この曲をピアノの演奏で聴くの、実は初めてです。
オルガンでも嫌いじゃないんですけど、ピアノもいいですねえ。
冒頭のガツンとした音もいいですが、フーガがとても美しくて驚きました。
こんなに綺麗な曲だったんですねえ!
ガヴリリュクにもとてもよく似合ってますね、この曲。
東京でのリサイタルは11日でしたか。
みなさんの感想も楽しみですね。
アリアさん、こんにちは。
ガヴリリュクのピアノ、やっぱり良いですね。
この曲はシャコンヌよりもかなりカチっと弾いている(ように思える)ので、厳粛・荘重で気品のある美しさを感じます。
ほんとにフーガは綺麗!オルガンのイメージがあるので、随分雰囲気が違います。
今、突然思い出したのですが、まだ小さな子供の頃見たロボットアニメで、『ダンガードA(エース)』という番組があったのですが、悪役の親玉ドップラー総統がオルガンでこの曲を弾いていたんですよね~。
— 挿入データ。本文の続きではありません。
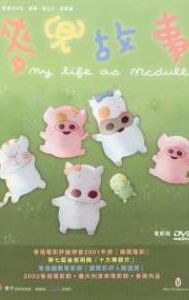 My Life as McDull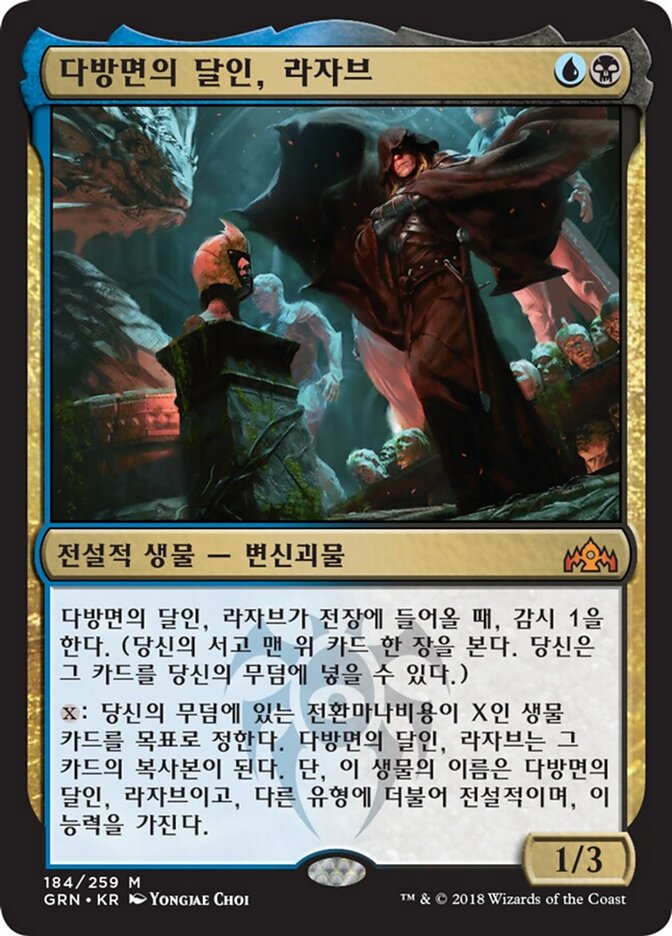 다방면의 달인, 라자브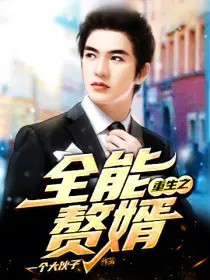 我靠找茬搞崩规则怪谈[无限]
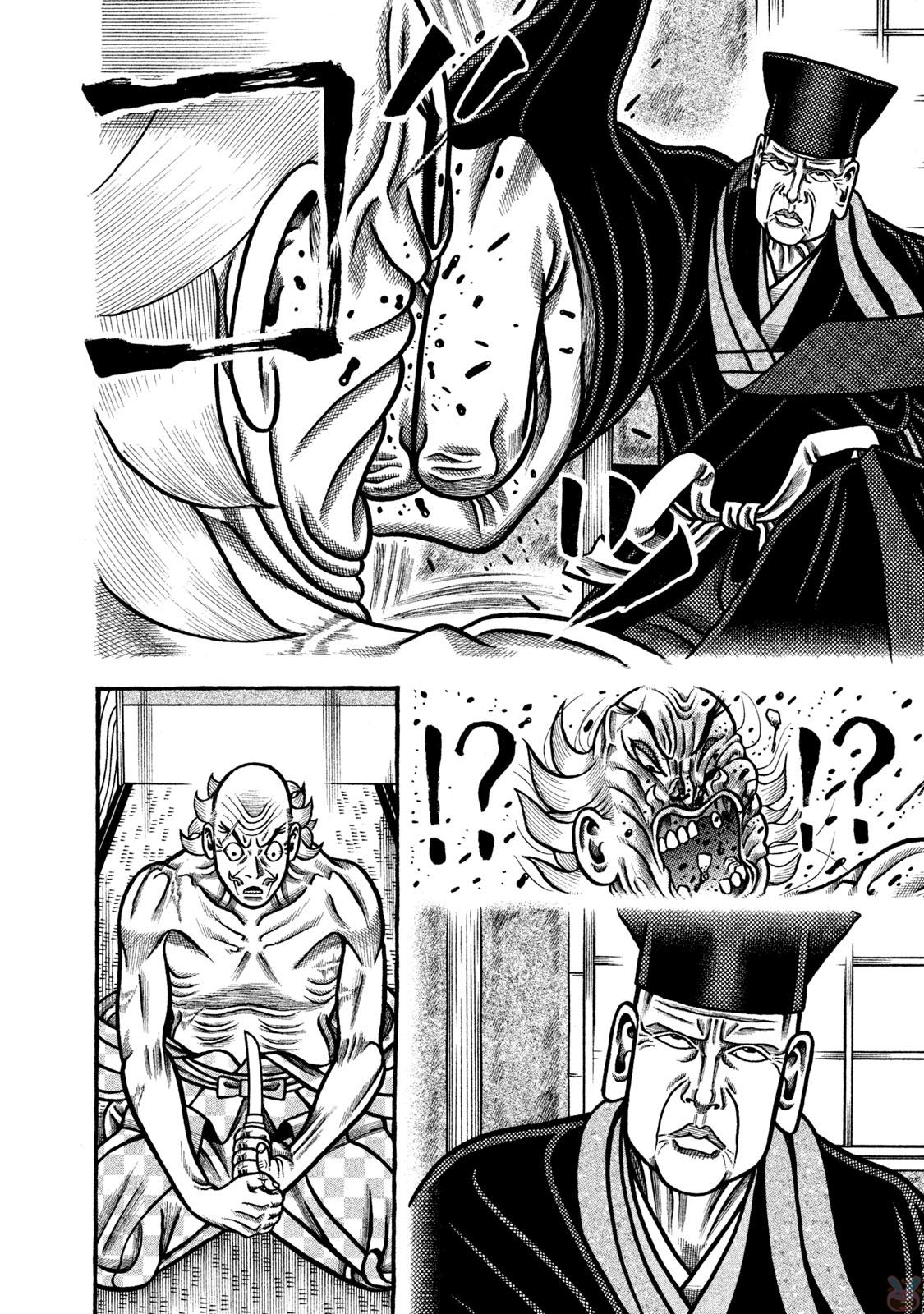 Hyougemono Chapter 272 page 12 - Chapter 272: Summer Breeze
ずいぶん昔のアニメなので、アリアさんはたぶんご存知ないでしょう。
すっかり忘れてたのに、もしかしたら、その演奏が頭に刷り込まれて、潜在意識のなかに変なイメージが残っていたのかも....と、思えてきました。
ガヴリリュクをリサイタルで聴いた(聴く予定)の方、私が知っている方ではアリアさんも含めて3人いらっしゃいます。
やっぱり彼は実演で聴きたくなるピアニストなのでしょう。
毎年来日しているらしいから、来年も大阪で弾いてくれれば良いんですけど。